Thus, in 1965, the director of the Philadelphia Institute for Contemporary Art, Samuel Green, took the pratfall from the ivory tower in a preface to the world's first book on pop art, an emetically extravagant volume by a writer named John Rublowsky. Yet who today shall say he was not right? By 1965 pop had become the most popular movement in American art history, drenched in ballyhoo, gratefully supported by legions of collectors whose appetites bore the same relation to connoisseurship that TV dinners do to poulet en demi-deuil. Warhol, Lichtenstein, Indiana, Rosenquist, Wesselmann, Oldenburg, Johns and Rauschenberg became instant household names, not counting their swarm of epigones. "What we have with the pop artists," wrote the English critic Lawrence Alloway, "is a situation in which success has been combined with misunderstanding." He had coined the term pop art, in England in 1957, "to refer approvingly to the product of the mass media." Appropriately, Alloway, whose fascination with mass culture as anthropology long predates the movement that he christened, has now organized a pop retrospective at Manhattan's Whitney Museum.

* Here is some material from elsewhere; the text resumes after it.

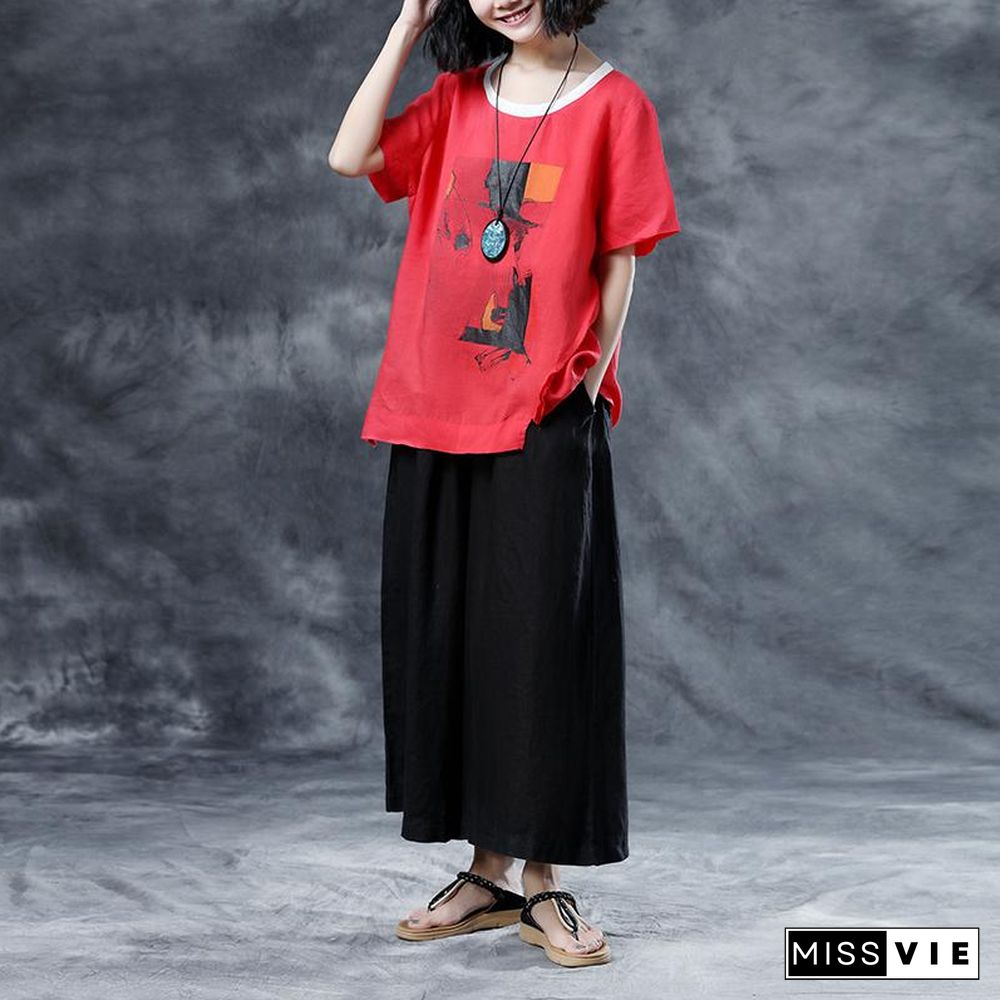 fashion natural cotton linen t shirt oversize Summer Short Sleeve Loose Red Casual Shirts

In a weird way, this show exhales as musty and involuntary a breath of vanished time as any revival of neoclassicism. Andy Warhol's Campbell's Soup can, once considered an icon of intimidating cool, has become a sort of madeleine. Irrevocably, the cachet of pop has gone, and many of its artifacts now look tenuous. It cannot be long before some enterprising museum (the Metropolitan?) opens a '60s Period Room, to go with its transplanted Louis Quinze paneling and reassembled colonial parlor: a Wesselmann and a Warhol Marilyn on the stainless-steel walls, a coffee table strewn with multiples and macadarnia nuts, a Panther poster above the vinyl settee, and under the supergraphic in the corner a waxwork group of Henry Geldzahler hustling that week's trend to a slim, wrinkled matron in bandoleers and Courrèges boots.

Pending such feats of instant nostalgia, all we are left with is the pictures. The crass cultural chauvinism and blatant flackery that surrounded and fed American pop have not by any means gone from the art scene, but they are muted. All the talk about how pop meant a democratization of the art experience, how it would obliterate the line between "art" and "life," has turned out to be the merest jive. It could hardly be expected to convince anyone in a world where Lichtensteins cost $50,000 apiece.

Systems and Signs. There is no longer any difficulty in seeing the best of pop as a mannered game with art language, rather than a vulgarian's assault on le beau et le bien. Ten years ago, Art Historian Robert Rosenblum predicted that "the initially unsettling imagery of pop art will quickly be dispelled by the numbing effects of iconographical familiarity, and ephemeral or enduring pictorial values will become explicit."